STET was written to explore an approach to text editing that followed the principles of structured programming. It allows programs and documentation to be written 'top-down', with blocks of code or text kept to a limited size (usually less than a page).

This was "a first attempt to take the structure out of the domain of languages, and into the domain of editors. In addition to conventional editing facilities, STET gives the user a third dimension: a tree structure that may be traversed using Program Function Keys much as scrolling is normally implemented"

==Principles==
The editor, like many text editors, is a full-screen editor; a window into the file being edited is displayed and the lines displayed can be edited directly on-screen by insertions, deletions, or overtyping. Editing is also effected by pressing programmable action keys or by typing in commands. Commands are either 'top-line commands' (entered in a command entry area on the top line of the screen) or 'line commands' (entered in a 4-character command entry field adjacent to each displayed line of text).

Top-line commands generally apply to the entire file being edited, and include the usual operations such as saving, searching, replacing, movement around the file, and so on (over 60 in all).

The STET editor, showing a group of lines about to be formed into a block

Line commands apply to a single line or a number of lines, and allow copying, moving, overlaying, merging, uppercasing and the like. An innovation in STET is the ability to mark a group of lines using the < line command to mark the first and last lines of a group. The group of lines can then be manipulated as a whole; they can be copied, merged, etc., and also make possible the 'structured editing commands' which provide the folding capabilities of the editor.

===Structured editing commands===
The structured editing facilities of STET are based on the concept that each file is represented as a collection of named blocks of lines. A block is created from an (anonymous) marked group of lines by the command (for example) 'form commands'. This command creates the block with name 'COMMANDS' and replaces the group of lines with a single line with a reference to COMMANDS, identified by its first non-blank character being some special character, by default ')'. This feature makes it easy to create a structured file from a flat file.

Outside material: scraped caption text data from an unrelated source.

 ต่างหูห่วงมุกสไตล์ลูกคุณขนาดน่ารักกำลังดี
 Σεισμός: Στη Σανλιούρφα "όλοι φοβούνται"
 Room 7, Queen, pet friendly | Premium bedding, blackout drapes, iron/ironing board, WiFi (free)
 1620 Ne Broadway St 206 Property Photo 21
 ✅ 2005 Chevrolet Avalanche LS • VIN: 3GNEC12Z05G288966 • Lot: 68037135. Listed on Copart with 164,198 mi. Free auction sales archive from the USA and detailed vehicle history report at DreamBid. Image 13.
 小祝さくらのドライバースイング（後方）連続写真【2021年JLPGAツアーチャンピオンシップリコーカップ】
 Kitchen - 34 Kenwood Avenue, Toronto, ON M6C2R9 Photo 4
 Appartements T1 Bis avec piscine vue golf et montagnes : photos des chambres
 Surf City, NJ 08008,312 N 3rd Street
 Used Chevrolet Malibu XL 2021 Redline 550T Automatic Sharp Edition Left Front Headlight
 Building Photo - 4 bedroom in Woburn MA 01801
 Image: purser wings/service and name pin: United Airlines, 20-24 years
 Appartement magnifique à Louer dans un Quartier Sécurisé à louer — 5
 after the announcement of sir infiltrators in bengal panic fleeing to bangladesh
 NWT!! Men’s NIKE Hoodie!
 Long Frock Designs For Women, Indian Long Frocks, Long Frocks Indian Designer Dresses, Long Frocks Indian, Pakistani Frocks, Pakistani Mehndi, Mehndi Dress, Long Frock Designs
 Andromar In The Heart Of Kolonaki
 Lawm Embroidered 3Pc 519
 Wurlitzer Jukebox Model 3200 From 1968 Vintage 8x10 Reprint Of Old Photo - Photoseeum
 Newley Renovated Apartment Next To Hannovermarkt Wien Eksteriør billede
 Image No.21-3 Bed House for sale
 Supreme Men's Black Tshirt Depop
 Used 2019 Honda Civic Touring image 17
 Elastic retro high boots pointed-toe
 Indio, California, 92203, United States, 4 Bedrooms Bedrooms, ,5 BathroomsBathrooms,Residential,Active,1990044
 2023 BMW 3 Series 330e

The STET editor, showing file structure map after forming the COMMANDS block

The block reference concept is very similar to the idea of links in a Wikipedia file, and indeed in STET a block can also be created by putting a new reference on a line and then 'entering' that reference to edit the block.

The structured editing commands also allow the user to see a map of the tree structure of the file, list the blocks alphabetically, and navigate the structure of the file. Navigation upwards and downwards or to a named block is possible, along with 'go to next block at this level' (that is, go up a level, find the next block reference at that level, and then go down a level). Other commands allow blocks to be renamed, expanded, etc., and also allow a flat file to be built from all or part of the structured file.

==Other==
The editor is written in PL/I except for the 3270 screen interface which is written in Assembler. STET was written and maintained by Mike Cowlishaw from 1976 to 1979 and then taken over by Steve Davies, who continued to enhance and maintain it through the 1980s. Many of the features in STET were used in later IBM text editors, including XEDIT and LEXX.

==Limitations==
All files that can be edited are limited to a maximum of 32,767 characters wide (line length) and each block is limited to a maximum of 32,767 lines. An unstructured 'flat file' is edited as a single block.

A structured file is stored on disk in a special format which allows efficient loading and navigation of the blocks in the file. This allows each file to also store useful meta-information (such as statistics of action key usage, total edit time, etc.), but has
the disadvantage that a flat file has to be 'built' from the structured file before (for example) it can be processed by a compiler or word-processing utility.